Are comets and meteors on a continuum?

Are comets and meteors on a continuum?

That is, is the difference just a matter of degree of what temperature their constituents melt at?
Is there a continuous range from ice to “dirty snowball” to “snowy dirtball” to dirtball?

Yes, comets and asteroids are on a continuum.
They go from this rocky body Eros
To rocky bodies that occasionally sprout tails (P/2004 TU12)
To dim, bowling pin shaped comets (Borrelly)
To full on, no foolin comets (Wild)

-That last site has some beautiful images, and a movie of the flyby.

Makes you wonder why aren’t they called the same thing?
Usually science terminology is intent to put new classification to everything you learned in school :wink:

Because they’re not, functionally. Just like cows and sirloin steaks are on a continuum, but aren’t called the same thing.

A comet is an object in an orbit that periodically brings it close enough to the sun to induce a physical change in the components that make it up, causing a vapor/dust tail to form, then eventually going on its way back to the outer part of its orbit and settling back down to big, dirty snowball status.

A meteor (from an Earth perspective) is an object in the same (or a near) orbit as the Earth, which occasionally gets swept into the atmosphere as the planet passes along that path and burns up from friction, becoming a meteorite. Meteors can be the remnants of comets that have “worn out”, but aren’t necessarily.

They’re both rocks in space, but their functions are different. So they’re not the same thing.

Astronomy’s never been very good with the whole classification thing. Witness the debate over whether Pluto is a “planet” or not. It’s all just a taxonomy problem - there’s no good definition of what a planet actually is. Then there’s “planetary nebulae,” which have nothing to do with planets, but they look big and round like planets in small backyard telescopes, and the name stuck. And is a brown dwarf a big planet or a small star?
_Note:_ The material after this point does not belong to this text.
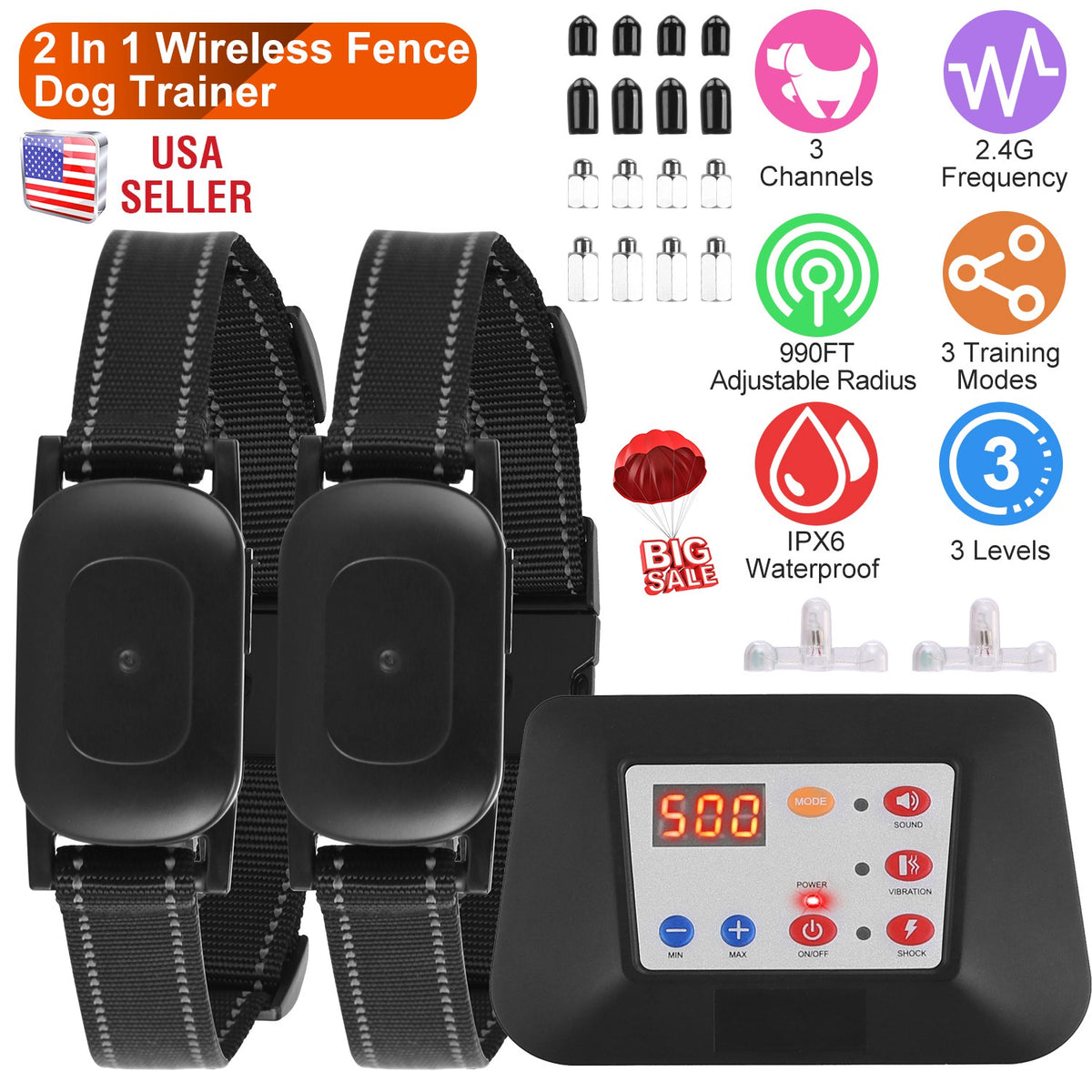 Wireless Dog Fence & Training Collar System 990FT Range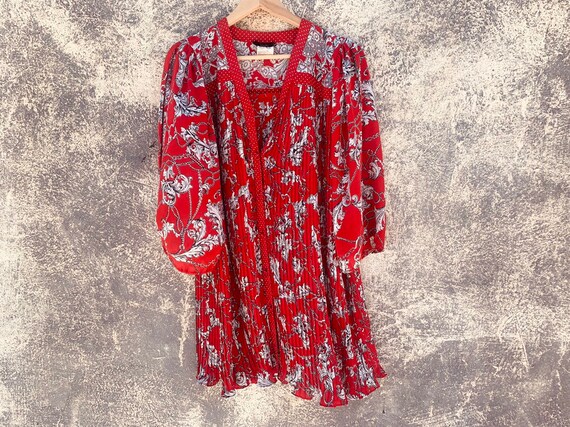 80's Original Diane Freis Pleated Dress - Paisley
In the end, it’s a whole bunch of big (or small) lumps of stuff, and Nature doesn’t care what we call it! :slight_smile:

I was under the impression comets were mostly made of light elements frozen into ice, while meteroids were mostly of rocky materials or iron.

That’s the usual way they’re thought of, but when an apparent asteroid develops a tail on close approach to the sun (see my second link), they reclassify it as a comet. It may be 90% rock and 10% ice, but if it grows a tail, it’s a comet.

From my memory of Astronomy 101 Meteor Showers are remnants of comets that have broken up, and formed a band of material following the comet’s old orbit - so they should have roughly the same composition as a comet, but meteors in and of themselves can be anything that enters the earth’s atmosphere. Correct me if I’m wrong.